## ACTIVITY
Exact copies of the lines below, from the one with "TWEEZERMAN Stainless Steel" up to and including the one with "Giggle-Elefant Tier Vintage-Comics", are what this calls for; leave out pictures.

-- GIVEN INFORMATION follows --

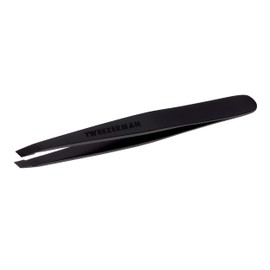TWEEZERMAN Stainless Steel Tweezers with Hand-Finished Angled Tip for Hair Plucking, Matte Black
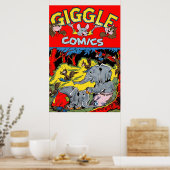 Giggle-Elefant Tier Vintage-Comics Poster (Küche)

-- GIVEN INFORMATION concluded --
-- GIVEN INFORMATION follows --

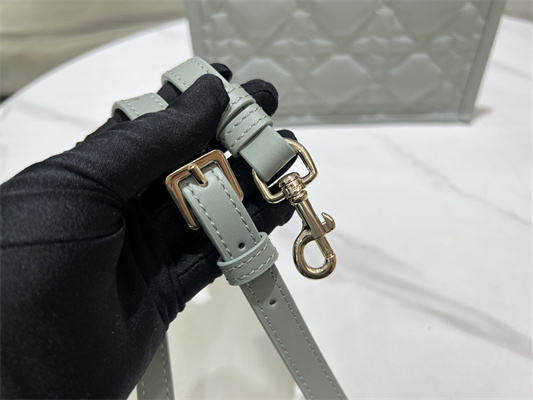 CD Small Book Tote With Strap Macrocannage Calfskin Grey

-- GIVEN INFORMATION concluded --
-- GIVEN INFORMATION follows --

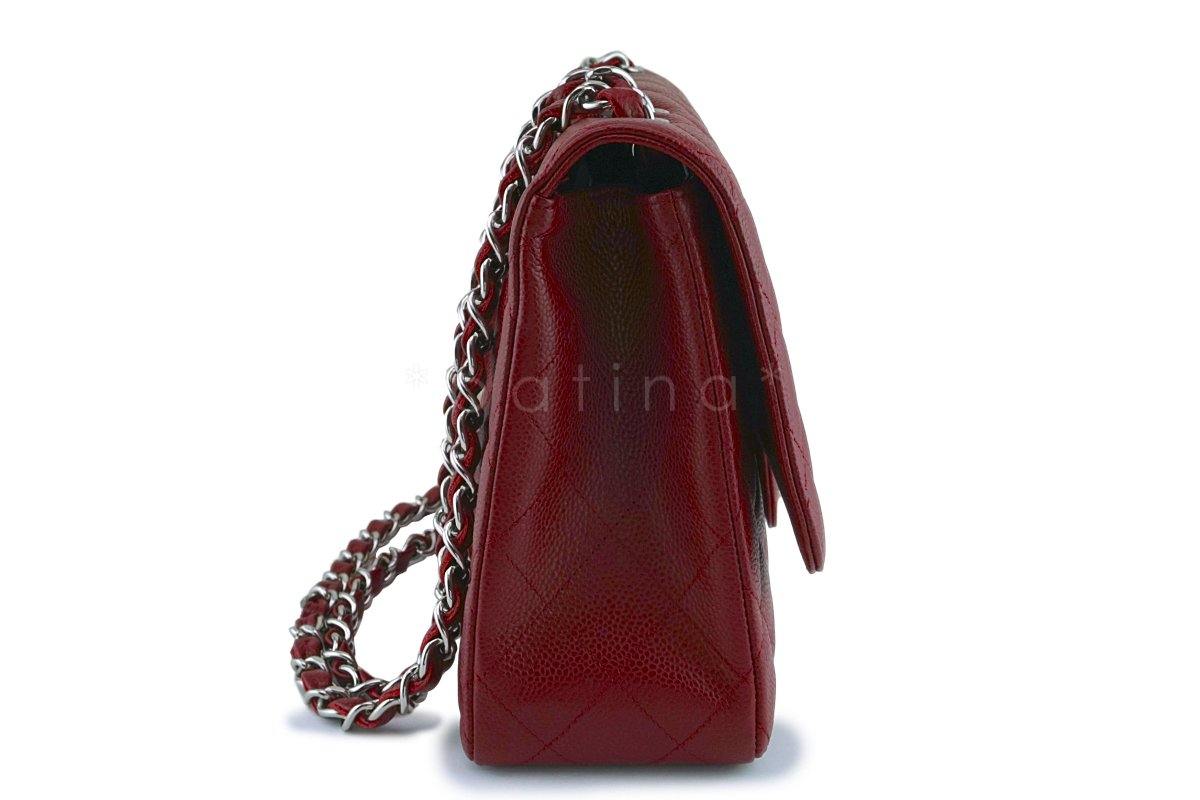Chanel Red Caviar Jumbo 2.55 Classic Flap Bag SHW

-- GIVEN INFORMATION concluded --

## SOLUTION TO THIS PROBLEM
TWEEZERMAN Stainless Steel Tweezers with Hand-Finished Angled Tip for Hair Plucking, Matte Black
 Giggle-Elefant Tier Vintage-Comics Poster (Küche)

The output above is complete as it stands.